Women football players are calling for heading limits in training and during matches after research finds female players are twice as likely to suffer from concussion.
The research was conducted by Censuswide, on behalf of the Drake Foundation and looked into the attitudes of recreational players following the revelations over football's link with neurodegenerative diseases and rugby players taking legal action over their dementia diagnoses.
Parliamentary evidence from Dr Willie Stewart, who unearthed that footballers were three and a half times more likely to die of a brain disease, told MPs that women were at double the risk of suffering from concussion through sport.
The survey found that an overwhelming 84 per cent of women players want to see The FA introduce heading limits in training and a further 72 per cent want to see restrictions introduced to matches as well. Additionally, the survey uncovered that 68 per cent of men wanted to see heading limits within training, however, only 44 per cent believed that there should be restrictions in games.
Currently, there are no differences in the rules between men's and women's football.
Perhaps a more disturbing discovery from the research was that 60 per cent of women footballers claimed to have returned to the same match or training session after suffering from a concussion, only highlighted further through research into rugby that showed a quarter of players had continued in a match where they had had a concussion.
Testimonies were featured throughout the survey, with one player revealing that she had been given an early onset dementia diagnosis.

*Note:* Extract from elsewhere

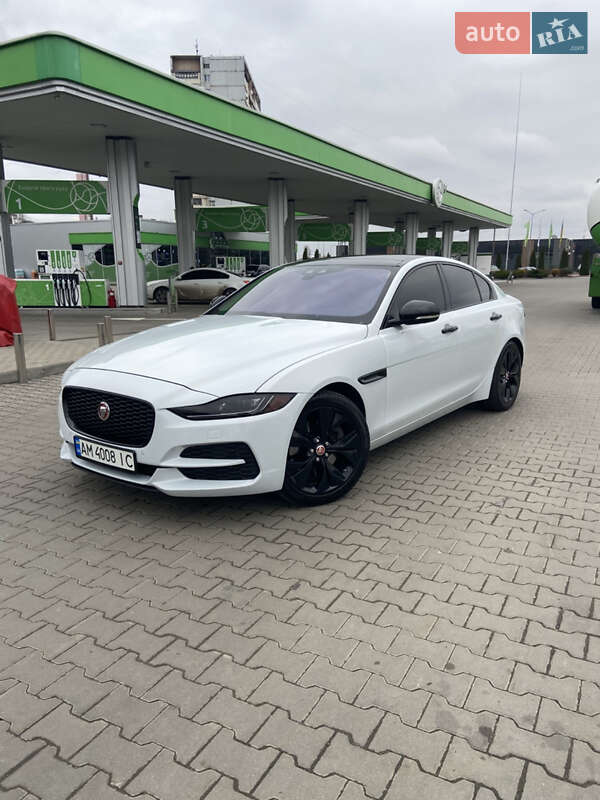 Jaguar XE 2019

"Currently, I have only divulged this to my family, as I have struggled with the diagnosis," they said. Another claimed: "I rested for six days, but my coach requested that I play as the squad was short of numbers, despite my reluctance and against medical advice that I initially received, I felt pressured by my coach to not let the team down, so I played."
Rachael Burford, founder of the Girls Rugby Club, as well as an England Rugby World Cup winner in 2014, added: "If it’s pretty conclusive that women are twice as likely to get head injuries, why aren’t we doing more specific work for women?
"It makes no sense that despite the increased risk to girls and women, there remains a gap in the medical support provided. What we’ve seen from our survey is that, particularly at grassroots level where there are not always physios available, girls are not following the correct return-to-play protocols, they’re often left to their own devices and are feeling forgotten about.”